Breathe—just breathe
Posted on 20. Mar, 2014 by Janet Novinger in Reflections
I looked around the conference table at the tense faces, clenched fists and raised shoulders and said, “Breathe, just breathe.” I was consulting with a group that had a long history of mistrust and miscommunication between the team members and management. As we tried to work through the differences, the tension in the room grew. Rather than using the effective communication skills we had agreed upon, some people were starting to blame and accuse, while others were becoming defensive and argumentative. Before the situation deteriorated, I led the group through a deep breathing exercise and watched their faces calm and their shoulders relax. We reminded ourselves of the agreement to communicate with respect and moved on to have a productive discussion.
“I thought we were running the whole process off the track at one point” a team members said to me after the meeting. “I really think the deep breathing changed the course of that conversation.”
Twenty years ago, I started teaching deep breathing techniques in my stress management classes. As I experienced the profound calm that settled over a classroom of people breathing deeply together, I began to weave breathing practices into other lifestyle and wellness classes: Living Energetically, Simplify Your Life, or Creating Balance Between Work and Home.
Today, I incorporate breathing and calming techniques into leadership and communication classes
Many of the situations that present themselves at work cause a stress response: performance reviews, difficult conversations with customers, presentations and differences with colleagues, to name just a few. When we experience stress, our heart rate quickens, our blood pressure rises, our muscles clench and ready for action, and our blood leaves the complex thinking parts of our brain and flows to the ready-for-physical action part of our brain. Our ability to respond with mature, respectful and skillful words literally is hijacked by our reactive selves.
When teaching a recent Resilient Leadership series, I asked the students to practice deep breathing between classes. Sam, a highly analytic 30-year-old supervisor, was especially skeptical.

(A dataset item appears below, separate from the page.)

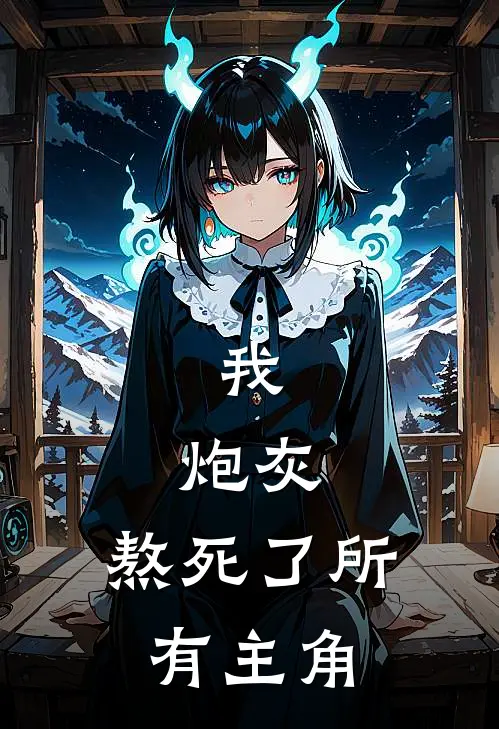 我，炮灰，熬死了所有主角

“This is the silliest thing I ever heard,” he told me after the first class. “How could this possibly help me be a better manager?” I encouraged him to try anyway, just to see what would happen. He came back to the second class and reported that he’d tried the deep breathing once and nothing had changed. “I’m going to keep doing this just to prove you wrong,” he laughed.

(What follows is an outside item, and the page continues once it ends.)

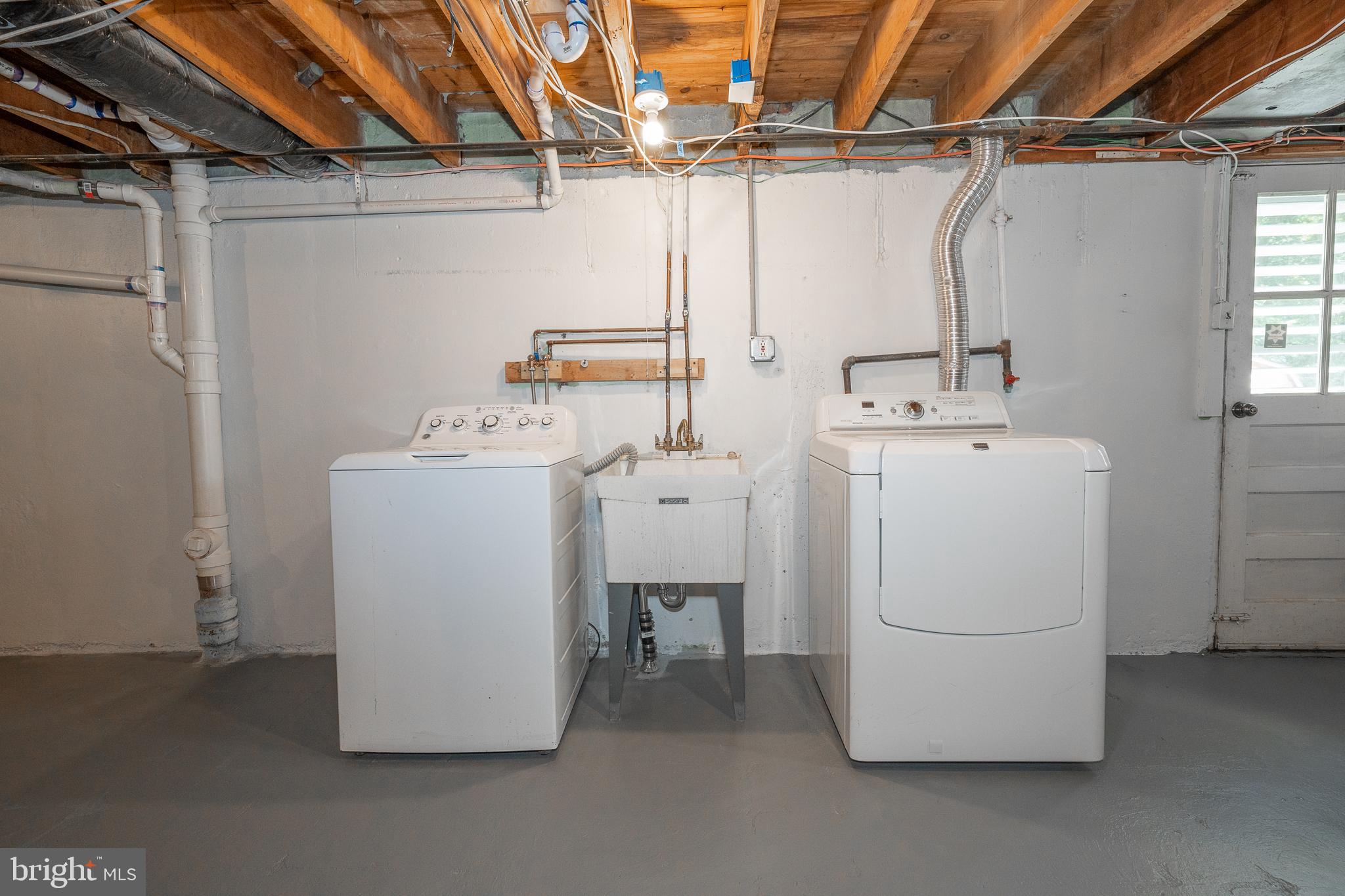 65 Rodmor Road Havertown, PA 19083 - Photo 24 of 34 Basement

Sam learns to love deep breathing
Over the course of the 8 classes, he started using the deep breathing techniques when he was facing:
- Meetings with his boss
- Coaching an employee who was under-performing
- A conflict with another team lead
- An especially difficult customer
- Difficult decisions in team meetings
“I’ve always been nervous in certain situations at work. I tend to get amped up and then later I realize that I talked too much.” He reported that when he used the breathing techniques, he could:
- Think more clearly
- Calm himself when he wanted to flee the room
- Pick his words more carefully—and pick more diplomatic words
- Impact the meeting so that everyone stayed more calm
After a session with his most challenging employee, he told me, “I actually think this may be catching. The guy didn’t know that I was breathing deeply, but at the point where he usually gets hot and starts shouting, he actually calmed down. I don’t know what changed, but I know the breathing didn’t hurt!”
Sam became the biggest supporter of the technique and actually started encouraging his team members to incorporate deep breathing into their challenging situations.
Try it, you’ll like it
Whether you’re at work or at home, a few deep, relaxed breaths can bring calm to almost any tense situation. While there are hundreds of techniques, the only thing you really need to do is consciously slow and deepen your breath. It helps if you feel physically stable, whether sitting or standing. If you can, relax areas of your body that you tend to tense, like your shoulders, neck and jaw. Then, breath in deeply, sending your breath down past your lungs and letting the breath gently expand your abdomen. Take a brief pause and gently breath out. Take another pause after you exhale, and begin again.
Do this several times and you’re well on your way to clearer and calmer communication, more respectful relationships and a calmer, less-stressed self.